What they do
Seafood processors prepare and package fish, shellfish and other seafood, ready for sale or supply. They clean, scale and fillet seafood as required. In some cases they also remove the meat from shellfish such as mussels, oysters and prawns, trimming them to meet required specifications. Once the seafood has been cleaned and prepared, seafood processors must pack it for transport or sale, which may involve freezing and/or using machinery to package some products in airtight bags and other wrappings. These workers may also be responsible for sorting seafood to determe its quality, which will affect its price and use.
Specialisations include: Abalone Sheller, Mussel Opener (NZ), Oyster Opener
Seafood processors work in factories and processing plants, usually in coastal areas around the Perth metropolitan and Mid West/Gascoyne regions. Their work environments are usually cool and wet, to minimise the risk of seafood spoiling. They spend long periods on their feet and may be required to lift heavy crates of seafood. Hygiene is an important aspect in any occupation working with food. Seafood processors are usually required to sterilise their hands and clothing upon entering the processing area, and will be required to wear protective clothing. Evening and early morning shift work is usually required to prepare seafood in time to be shipped to stores before they open.
The seafood industry in general is highly seasonal, with many types of seafood only permitted to be caught during certain months, which may have an impact on the availability of work at certain times of the year.
Tools and technologies
Seafood processors use sharp knives to fillet and prepare fish and open shellfish. They will have to regularly sharpen knives to maintain their effectiveness and safety. In some cases, cleaning and preparation of seafood may be done by machine, which seafood processors will be responsible for operating and maintaining. After the seafood has been processed, these workers will need to package it using boxes, cartons, plastic wrapping and specialised packaging machines. Seafood processors will have to wear protective and hygienic clothing, including gloves, aprons, gumboots, earmuffs and hairnets. They will also often be required to use hoses and scrubbing brushes to keep work areas clean.
How do I become one?
Education and training
You can work as a seafood process worker without any formal qualifications and get training on the job.
You can also complete a traineeship. The process worker and leading hand – seafood processing traineeships usually take 12 to 24 months to complete, and the process worker traineeship is available as a school-based traineeship.
Apprenticeships and traineeships
As an apprentice or trainee, you enter into a formal training contract with an employer, enabling you to complete training towards a nationally recognised qualification.

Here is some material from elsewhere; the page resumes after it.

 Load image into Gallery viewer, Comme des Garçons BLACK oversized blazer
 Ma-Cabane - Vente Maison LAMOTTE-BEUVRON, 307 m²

You spend time working and learning practical skills on the job and you spend some time undertaking structured training with a registered training provider.
You can do an apprenticeship or traineeship if you are a school-leaver, re-entering the workforce or as an adult or mature-aged person wishing to change careers. You can even begin your apprenticeship or traineeship while you're still at school.
If you are still at school you can access an apprenticeship through your school. Talk to your school's VET Co-ordinator to start your training now through VET in Schools. If you are no longer at school you can apply for an apprenticeship or traineeship and get paid while you learn and work.